----- Task input
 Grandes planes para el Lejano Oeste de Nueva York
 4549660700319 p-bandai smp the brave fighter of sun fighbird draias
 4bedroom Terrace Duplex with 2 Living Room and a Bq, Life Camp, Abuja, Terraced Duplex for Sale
----------
----- Task input
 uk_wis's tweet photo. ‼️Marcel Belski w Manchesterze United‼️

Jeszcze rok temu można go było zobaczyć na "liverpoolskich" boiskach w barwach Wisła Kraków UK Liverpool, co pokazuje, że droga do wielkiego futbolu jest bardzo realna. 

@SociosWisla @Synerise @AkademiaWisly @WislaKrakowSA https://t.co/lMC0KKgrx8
----------
Exercise – Print the lines above from the one with "Grandes planes para" through the one with "4bedroom Terrace Duplex", both included, exactly as written and nothing more.

Answer –
 Grandes planes para el Lejano Oeste de Nueva York
 4549660700319 p-bandai smp the brave fighter of sun fighbird draias
 4bedroom Terrace Duplex with 2 Living Room and a Bq, Life Camp, Abuja, Terraced Duplex for Sale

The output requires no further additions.